There has been a lot of talk in the digital press recently about EdgeRank, the good, bad, and of course the downright ugly side of the back office Facebook analytics. With this in mind, we have put together the definitive guide to EdgeRank with absolutely everything you need to know from its positive pro’s to the pitiful problems.
First things first, for those new to the business Facebook page world, what is EdgeRank?
In Facebook terms, an “Edge” is defined as any activity that occurs on Facebook (be it Likes, Comments, RSVPs, Tags, etc) that can potentially create a newsfeed story. From that, the EdgeRank algorithm is used by Facebook to filter newsfeeds and show the most relevant posts for that particular user.

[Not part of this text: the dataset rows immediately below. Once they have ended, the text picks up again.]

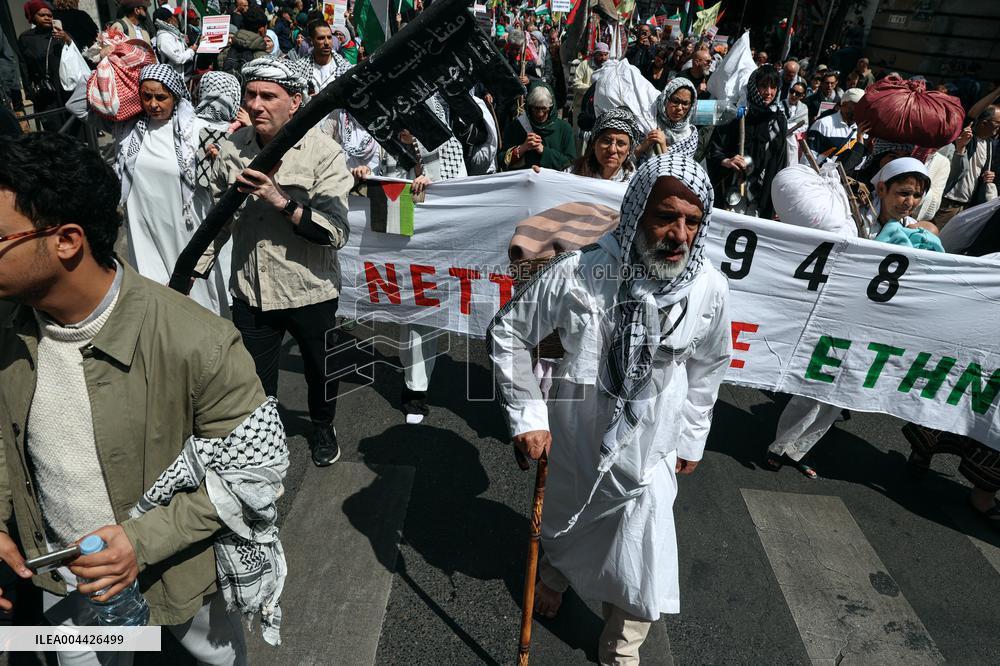 Pro-Palestinian Protest For Nakba 77th Anniversary - Paris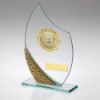 Picture of Jade|silv|gold Glass Plaque With Gold Trim Trophy - (1in Centre) - 6.5in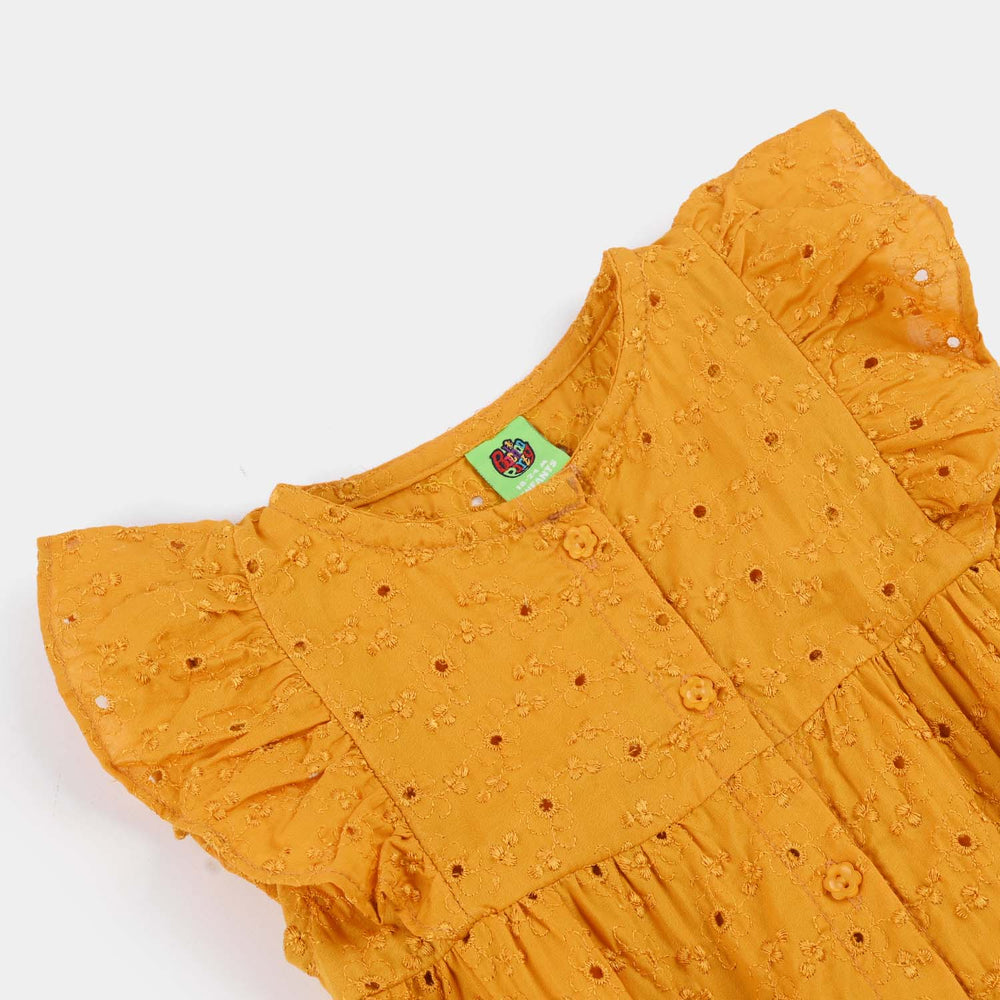 Infant Girls Chikankari Woven Romper (Soft Petal) - Mustard
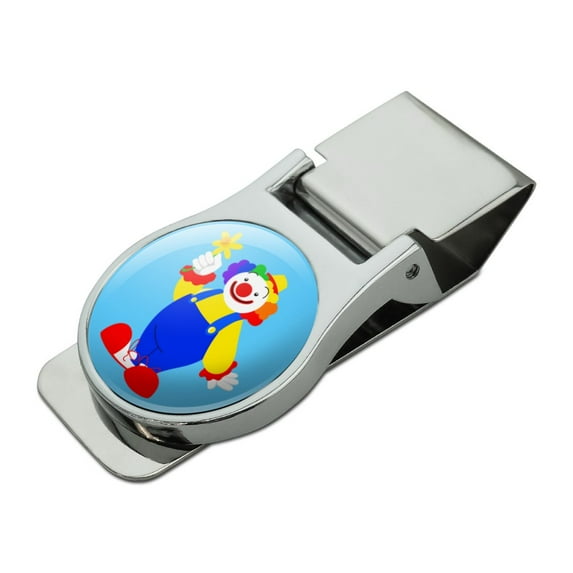 Clown with Flower and Big Shoes Satin Chrome Plated Metal Money Clip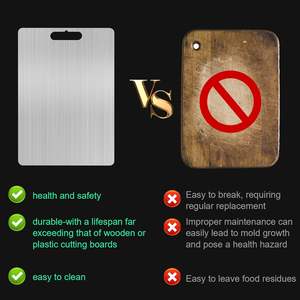 Planche à découper en acier inoxydable de qualité alimentaire antiadhésive en titane pour la cuisine, la viande, les fruits et les légumes - Product Image 4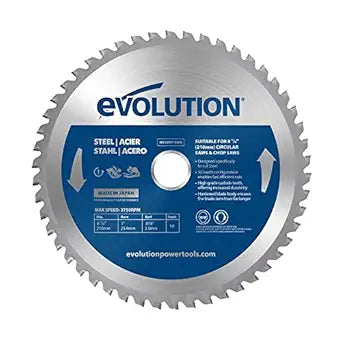 Evolution M210TCT-50CS | 8-1/4" 50T Mild Steel and Ferrous TCT Metal Cutting Saw Blade | 1" Arbor | Made in Japan | High Performance Cold Cut Blade | Compatible with Evolution S210CCS Circular Saw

The algorithm itself is split into three main focuses:
- Affinity The Affinity score is measured by the relationship you have with the user that created the “edge.” The more ‘interconnected’ you are, the higher the score. Also, if a large number of your friends all like a similar page, there is a higher chance of that content arising in your newsfeed.
- Weight There are two Weight types: post and interactions. EdgeRank takes the Weight of posts into account by determining what type of post it is – be it a photo, video, link, or text only status update. Shares and comments require more input/work from an end user, and therefore are ranked higher in ‘weight’ as these actions reach more users (than compared to a simple ‘like’ for example).
- Decay An obvious sentiment, but a sentiment all the same – an old story is a dead story. Whilst Facebook does not order its ‘edges’ chronologically, it does factor in Time to its algorithm. The vast majority of engagement occurs within minutes after a post has been published. So unless people happen to scroll through your page out of principle, old stories are lost forever.
The Good Bits…
From 2011-12, the amount of all time spent on Facebook, specifically on the newsfeed/timeline went from from 27% to 40%, so with Facebook maximising what it is people will automatically see by using EdgeRank, the content viewed by the end user will be far more targeted, therefore far more likely to be shared or commented on.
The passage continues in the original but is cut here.